Difference between `dklearn.Pipeline` and `sklearn.Pipeline`

dask / dask-searchcv

dask-searchcv is now part of dask-ml: https://github.com/dask/dask-ml

BSD 3-Clause "New" or "Revised" License

240 stars 43 forks source link

Difference between `dklearn.Pipeline` and `sklearn.Pipeline` #13

Closed bkj closed 7 years ago

bkj commented 7 years ago

What's the difference between dklearn.Pipeline and sklearn.Pipeline? Does dklearn cache the intermediate results?

Reasin I ask -- I'm trying to fit a large number of sklearn Pipelines in parallel, comparing building the computational graph w/ dask with a handrolled (way less sophisticated) joblib implementation. dask is ~50% slower, and I wonder whether that's a result of the fact that joblib memmap's large objects to reduce communication overhead. Any thoughts? Happy to share code if it's useful.

mrocklin commented 7 years ago

Pipelines are inherently sequential, so on their own they are not very valuable. They become valuable when combined with other pipelines. When computing the same pipeline with many parameters you may see some benefits from de-duplication.
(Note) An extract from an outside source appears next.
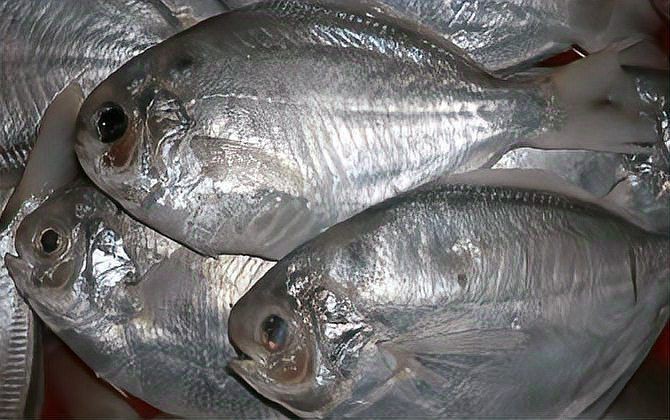 金鯧魚淡水魚還是海魚|金鯧魚、淡水白鯧魚、淡水白鯧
This blogpost from @jcrist may be informative here.

I don't know why the dklearn pipeline would be slower in your case. If possible I recommend trying out both systems with a single thread and then profiling with cProfile, snakeviz, or the prun ipython magic.

dask.set_options(get=dask.async.get_sync)  # use a single threaded scheduler

jcrist commented 7 years ago

Sorry for the lack of response here. This library has seen a lot of work over the last couple weeks.

The library is renamed to dask-searchcv and has been released on pypi and (soon) conda-forge
The Pipeline class is completely removed. Only public facing api is GridSearchCV and RandomizedSearchCV.
A lot of work has gone into improving graph building times. Building graphs for 500,000 candidates now completes in seconds (not that fitting this many candidates is a good idea)
In my simple benchmarks this library should at worst be ~equivalent to scikit-learn's implementation. For certain grids/pipelines, we can be a lot faster. For more information, see this blogpost

Please let us know if you try it and find it significantly slower than scikit-learn. There is no reason why we shouldn't be able to at least be equivalent in all cases.

ghost commented 7 years ago

@bkj I'm creating my own parallel pipeline and curious what approach you took. To me there are two types of pipelines: 1) Large permutation of steps, ie scale, transform then predict or transform, scale then predict. 2) Parameter search within a pipeline. Ie try transform param 1,2,3,etc. Case 2 is applies to GridSearchCV while case 1 I'm looking to parallelize.